Nenhum cidadão singular, nenhuma classe social, nenhum interesse
corporativo, nenhuma entidade, devem ser contemplados com Estatutos Especiais, originando indesejáveis fracturas no tecido
nacional, mormente quando os meios e os recursos não chegam para as encomendas.
Quem pensa o contrário está a prostituir-se e a contribuir para inquinar a água
já pantanosa da nossa democracia. O único estatuto especial concebível em Cabo
Verde só pode destinar-se ao seu sacrificado povo.

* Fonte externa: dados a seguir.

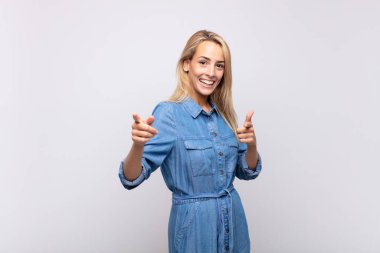 Pozitif, başarılı, mutlu bir tavırla gülümseyen kadın kamerayı işaret ederek, elleriyle silah işareti yapıyor.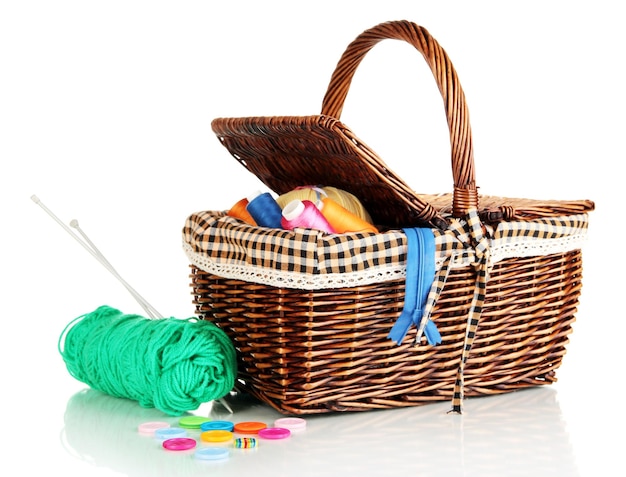 Wicker basket with accessories for needlework isolated on white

Algarve, 28 de Novembro de 2016
Adriano Miranda Lima
1 comentários:
Mais uma reflexão do A. Miranda Lima ao bom nível das que já bem nos habituou. Bem conduzida escalpelizando o perigo da “excepção” passar a ser “regra” e assim «inquinar a água já pantanosa da nossa democracia». Manifesta com estrondo e justifica com toda a clareza o seu (nosso) “direito à indignação” perante uma proposta obscena de um PM que mostra não “conhecer” de todo, o País que (des)governou durante 15 longos anos. Percebe-se agora melhor porque terá introduzido (foi ele que a recomendou) na proposta da Reforma do Parlamento que o PR então vetou, a "generosa" remuneração dos políticos que conduziu a uma manifestação pública que a sua ganância, egocentrismo e oportunismo ainda não lhe permitiram fazer uma sensata e inteligente leitura. Apenas sensatez e respeito se lhe exigem. Nada mais do que isto.
O que o Adriano não explicitou é que, apesar de tudo, já existe um “estatuto especial” para os ex-PM expresso no Artigo 17 da Lei nº 28 /V/97 que diz: “1. É atribuído um subsídio aos cidadãos nacionais que tenham desempenhado o cargo de Primeiro-Ministro durante pelo menos, um mandato e não exerçam quaisquer actividades remuneradas, salvo cargos electivos.
2. O subsídio referido no número anterior corresponde a 75% do vencimento do Presidente da República e não é acumulável com qualquer outra pensão atribuída pelo Estado ou outras Instituições Públicas.”
Portanto, JMN não podia querer a criação de um estatuto para os ex-PM, mas a ampliação do já existente, das mordomias. Passados oito meses depois de ter deixado o Governo, ele continua, quando está no País, a andar num carro do Estado rodeado de guarda-costas pagos pelo erário público... E não se pergunta, porquê?
Mas como pode um homem que deixou os cofres do Estado completamente vazios; que contraiu uma dívida pública sem precedentes; que destruiu a nossa economia; a nossa companhia aérea; que distribuiu sem meças benesses a uma enorme clientela partidária sem acautelar minimamente as consequências no orçamento do Estado; que sabe que só somos sustentáveis (até agora) graças a ajuda externa; que sabe que 35% (cerca de 180 mil!) dos cabo-verdianos vivem abaixo do limiar da pobreza absoluta com menos de 270$00 por dia, ignorar de tal forma o estado em que deixou o País e ter a coragem e o desplante de pedir ao contribuinte mais um sacrifício apenas para alimentar a sua vaidade, a sua megalomania, os seus projectos pessoais? Não está em causa o montante, mas como bem deixou entender o Adriano, o princípio, a moralidade, e os seus efeitos em cascata.
Presumo, que JMN nunca quis que se levasse a sério as suas propostas mas apenas que ficassem registadas, possivelmente como eventual cortina para alguma manobra esconsa que tem em vista desencadear… O futuro dirá!